Electromagnetic field theory -- Potential inside a conducting sphere

[per persson]

Homework Statement

The potential of the hemisphere is just added to the potential inside the sphere and im wondering when it is possible to do this.

Relevant Equations

More conceptual.

The sphere with charge Q is of metall and the question is what its potential is . a and b I've already solved but c is difficult conceptually. The answer is down below but I don't understand it.

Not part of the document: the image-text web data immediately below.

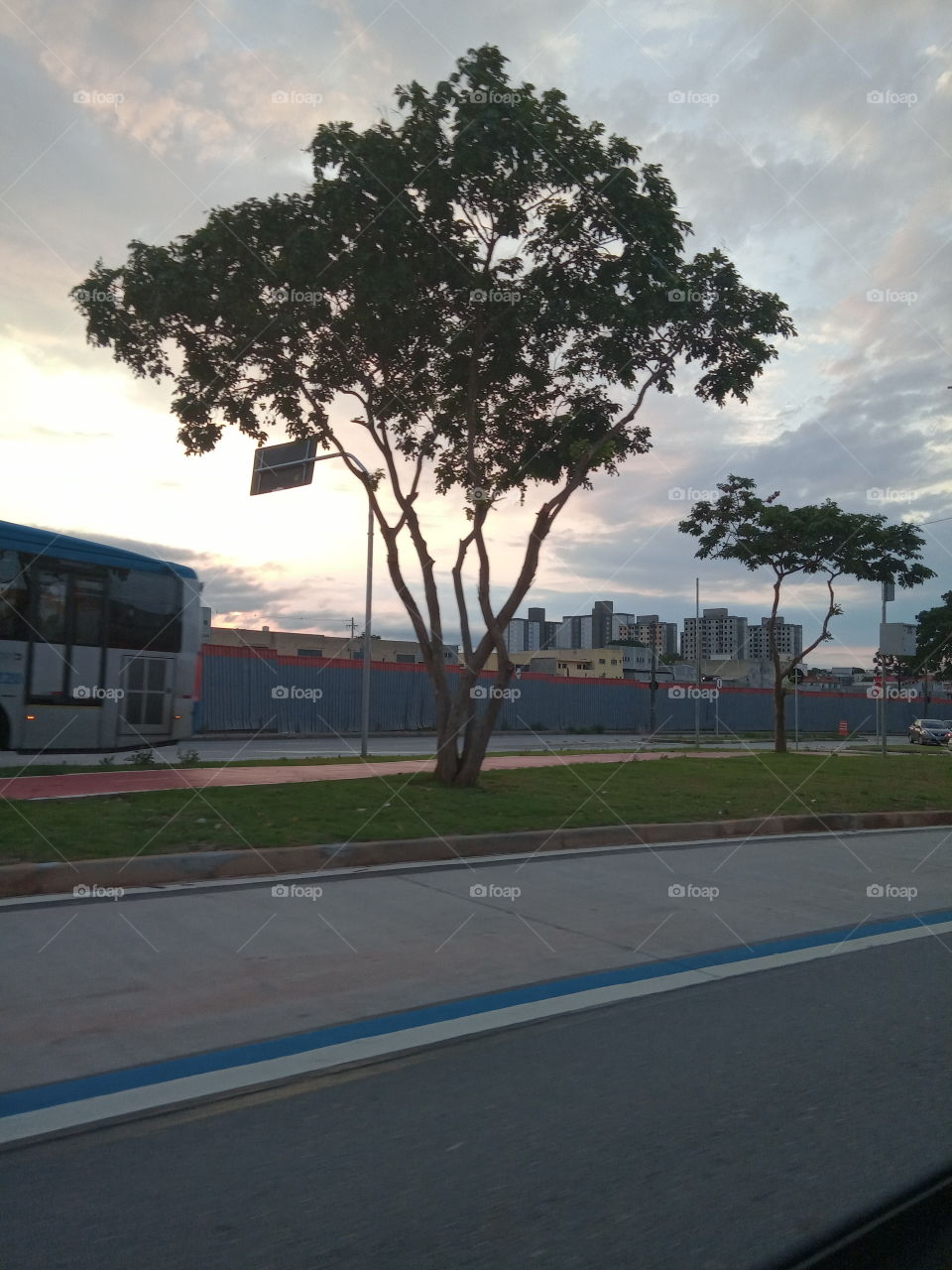 A árvore e o por do Sol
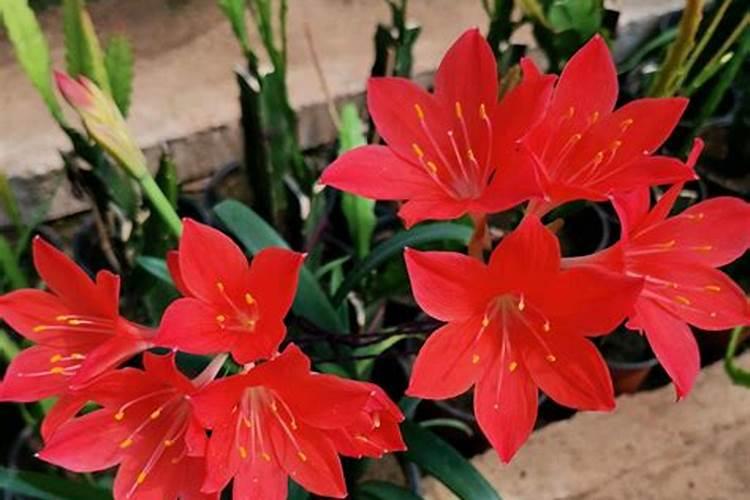 紫根兰为什么不开花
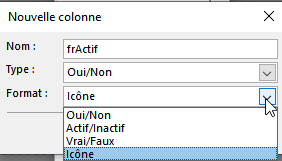 choisir un champ de type oui/non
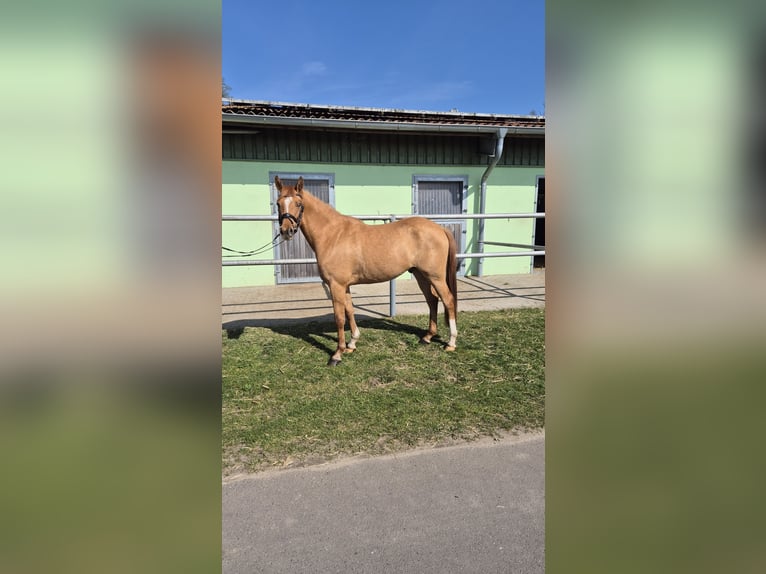 Deutsches Reitpony Wallach 3 Jahre 148 cm Red Dun in Perleberg OT Quitzow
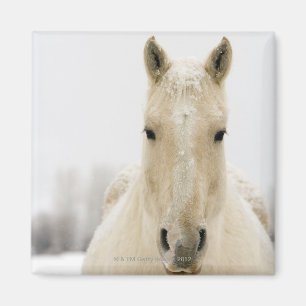 Aimant Cheval avec la neige sur la tête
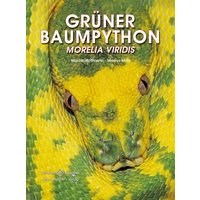 Grüner Baumpython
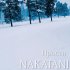 Обложка трека Nakatani - Прости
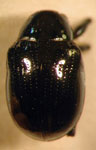  Typophorus sp. 1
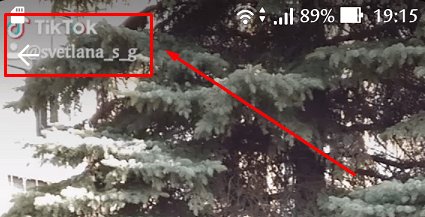 Как удалить видео в TikTok и можно ли восстановить его после удаления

Here is the solution of c:

So the contribution of the potential of the hemisphere is simply added to the potential that is given in b. But this must mean the potential caused by the hemisphere must be equal everywhere inside the metallic sphere. Is this the case? And what if we replace the hemisphere with a point charge, lets say with charge -Q with distance 3a from the origin. Then you can't just add the potential of charge to the potential inside the metallic sphere since the potential of the charge will be different inside the metallic sphere.

So generally when can I add potential to a point and say its the same for the whole area?

 

[nasu]

Where is the problem statement?

 

[kuruman]

You haven't told what potential this $V$ is.

 

[per persson]

You haven't told what potential this $V$ is.

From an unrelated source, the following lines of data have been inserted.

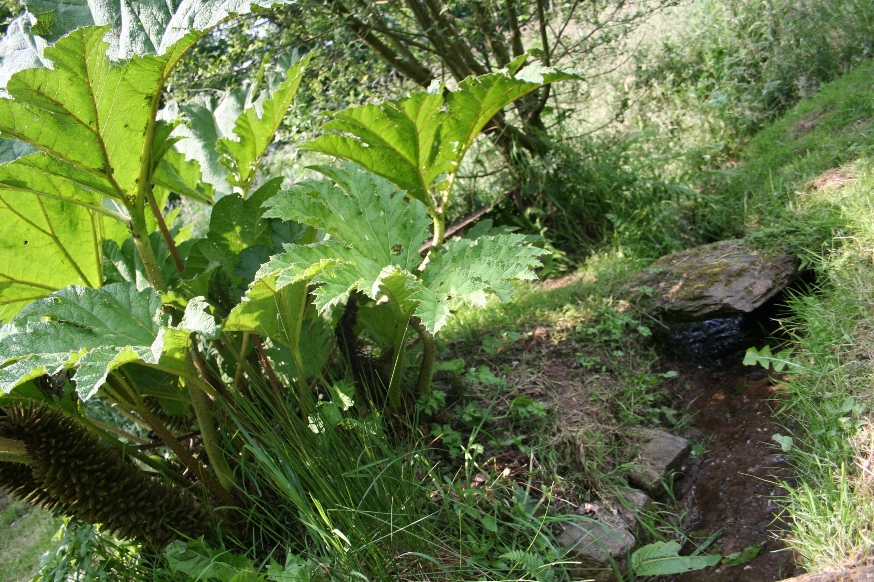 Gunnera manicata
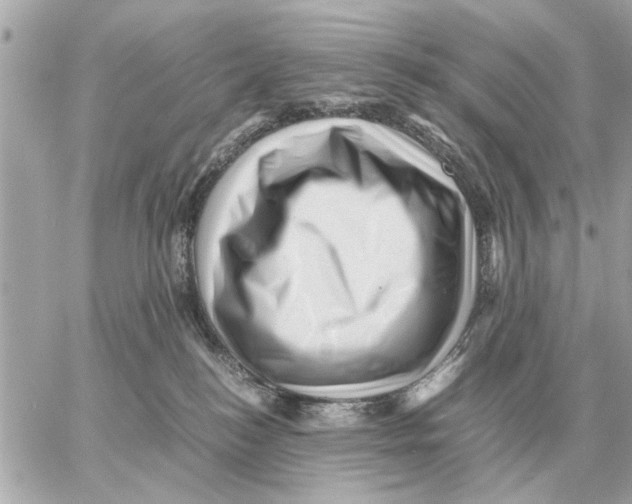 X0000059070184200511041804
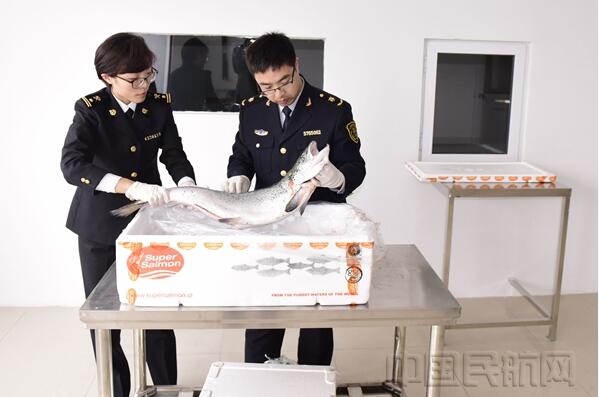 青岛机场开通绿色通道,保障鲜活易腐货通关,鲜活货空运 青岛机场开通绿色通道,保障鲜活易腐货通关,鲜活货空运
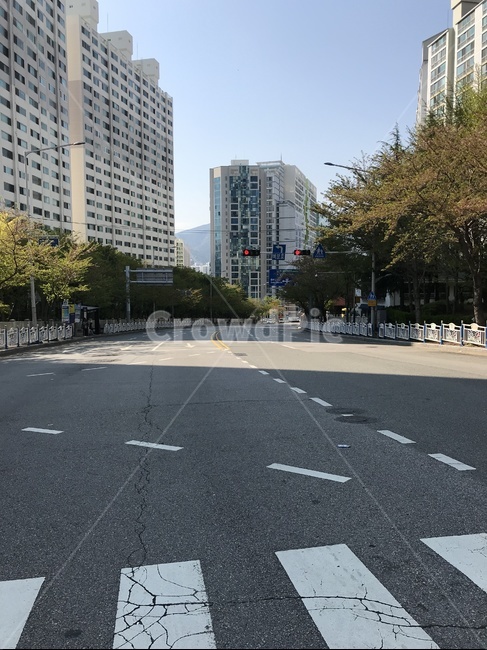 횡단보도,도보,도로,일상,산책,가로수,나무,아파트,도시,차도,도시,풍경,city,landscape,road,asphalt,아스팔트,intersection,교차로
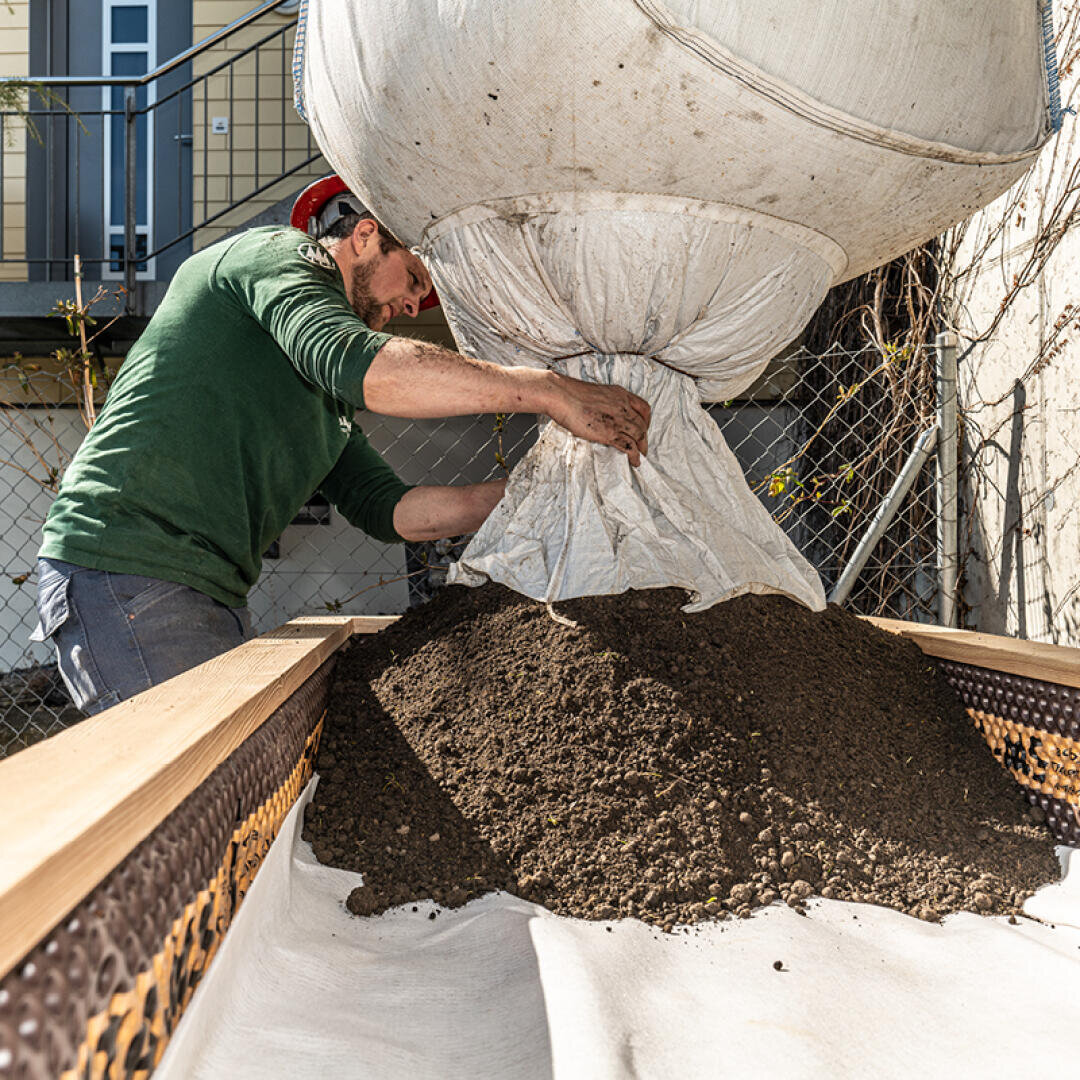 Eine Person leert Erde aus einem großen weißen Sack auf ein erhöhtes Gartenbeet und bereitet es für die Bepflanzung vor. Das Sonnenlicht beleuchtet die Szene, und im Hintergrund ist ein Haus mit Treppe zu sehen.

Potential of the hemisphere or the potential given in b? I don't think it matters though since the solution is already given. My problem is why can we just add the potential of the hemisphere to the potential inside the sphere and thats the answer.

 

[per persson]

Where is the problem statement?

Why is it legit to add the potential of the hemisphere to the potential inside sphere given by b and thus get the solution for c. The implications of this is really powerful and too good to be true. There has to be some restrictions when this method that solves c can be used.

 

[haruspex]

But this must mean the potential caused by the hemisphere must be equal everywhere inside the metallic sphere.

No, that clearly would not be true. But the charge on the inner shell will rearrange so that the potential is the same everywhere on and inside it.
If we consider the centre of the inner shell, it is a known and constant distance from every point on the inner shell and likewise wrt the dielectric and the hemisphere. Consequently we can immediately write down what the potential there is, regardless of the rearrangement of the charges. And due to that rearrangement, all other points on and inside the sphere will be at that same potential.

 

[Steve4Physics]

Why is it legit to add the potential of the hemisphere to the potential inside sphere given by b and thus get the solution for c. The implications of this is really powerful and too good to be true. There has to be some restrictions when this method that solves c can be used.

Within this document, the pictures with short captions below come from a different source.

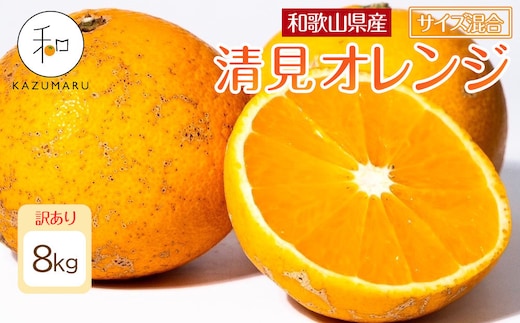 訳あり 森本農園の手選別 清見オレンジ 8kg 和歌山県産 サイズ混合 ［北海道・沖縄・離島配送不可］［RN25］［2026年2月上旬から5月中旬頃順次発送予定］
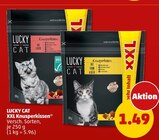 Aktuelles XXL Knusperkissen Angebot bei Penny in Düsseldorf ab 1,49 €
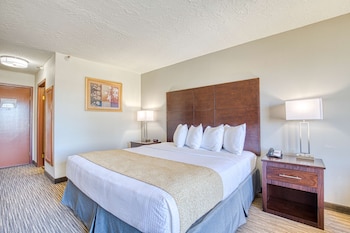 Standard Room, 1 King Bed, Non Smoking, Pool View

EDIT. Aha. I see @haruspex has replied. But since I've already drafted the following, I'll post it.

There are a set of surfaces having a common centre of curvature, C.

For a given surface, all points on that surface are the same distance from C. That's the key.

Every surface has a known total charge. We don’t know the distribution of the charge on any of the surfaces but that doesn’t matter.

That’s because, for a given surface of radius $R$, every elementary charge $dq$ on the surface is the same distance ($R$) from C. So it has the same contribution to the total potential at C as every other elementary charge on that surface.

If the surface has charge $Q$, it’s contribution to the total potential at C is $V = \int_{q=0}^{q=Q} \frac {dq}{4 \pi {\epsilon}_0 R} = \frac {Q}{4 \pi {\epsilon}_0 R}$.

 

[per persson]

No, that clearly would not be true. But the charge on the inner shell will rearrange so that the potential is the same everywhere on and inside it.
If we consider the centre of the inner shell, it is a known and constant distance from every point on the inner shell and likewise wrt the dielectric and the hemisphere. Consequently we can immediately write down what the potential there is, regardless of the rearrangement of the charges. And due to that rearrangement, all other points on and inside the sphere will be at that same potential.

But what is so special with the centre. I know it is easier to calculate but what makes the centre the point where we can just add potentials to get the total. Suppose b) gives potential Vo inside the sphere and the hemisphere gives V1 in the centre. Then the total potential is V=Vo+V1. But a bit below the centre the potential of the hemisphere will be greater. Does that mean the charges of the sphere and shell rearranges such that its potential is less than Vo in that point and thus keeping the total potential at V.

Similarly above the centre the potential by the hemisphere should be less so the potential of the sphere and shell are such that it is greater than Vo. Is this the case?

And what if we put a point charge -Q with distance 3a from centre. Will the potential inside the sphere be V_o-Q/(4epi3a)?

 

[haruspex]

But what is so special with the centre.

That it is at a known distance from every charge, no matter how those charges are distributed around the two shells. This means we can find the potential there without worrying about how those charges are distributed.

 

[nasu]

Why is it legit to add the potential of the hemisphere to the potential inside sphere given by b and thus get the solution for c. The implications of this is really powerful and too good to be true. There has to be some restrictions when this method that solves c can be used.

This is your question, not the statement of the problem.